O valor da pena foi de R$20 mil como reparação por danos morais por atingir direitos fundamentais como a dignidade da pessoa humana, a igualdade e a liberdade religiosa. O funcionário é adepto do Candomblé.
Ao analisar o caso, a 2ª Turma do TRT constatou a omissão da Preserve Segurança e Transporte de Valores em impedir as agressões verbais. Em decisão unânime, o tribunal condenou a empresa por racismo e intolerância religiosa contra um vigilante.
Segundo o colegiado, a prova testemunhal demonstrou que o trabalhador era submetido, de forma reiterada, a comentários ofensivos relacionados à sua religião de matriz africana e à sua cor de pele.
“Nesse tipo de situação, não é necessário que o trabalhador apresente prova específica de prejuízo psicológico ou tratamento médico.
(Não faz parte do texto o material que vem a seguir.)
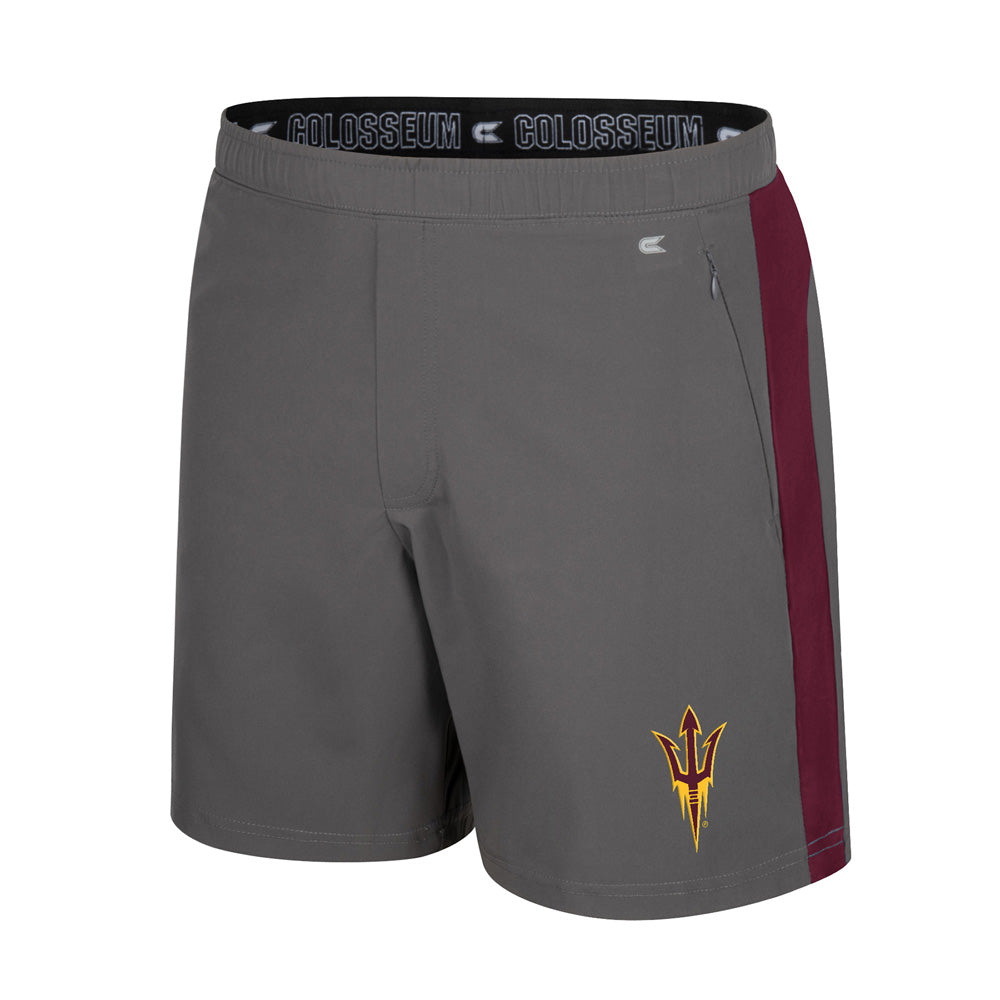 NCAA Arizona State Sun Devils Colosseum Top-Dead-Center Shorts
O dano decorre da própria ofensa”, informou o advogado do Sindicato dos Vigilantes de Transporte de Valores e Escolta Armada do Estado de Pernambuco (SINDFORT-PE), João Galamba .
Ele informou que, de acordo com o depoimento, essas manifestações ocorreram durante o contrato de trabalho e não representavam fatos isolados. Para o colegiado, a falta de atitude por parte da empresa, mesmo tendo sido comunicada, viola o dever de proteção ao trabalhador.
O processo também envolveu discussões sobre jornada, troca de uniforme, intervalo intrajornada e condições de alimentação durante rotas em carro-forte. A empresa ainda pode recorrer. A relatora do caso foi a desembargadora Solange Moura de Andrade e o caso foi acompanhado pelo jurídico do SINDFORT-PE.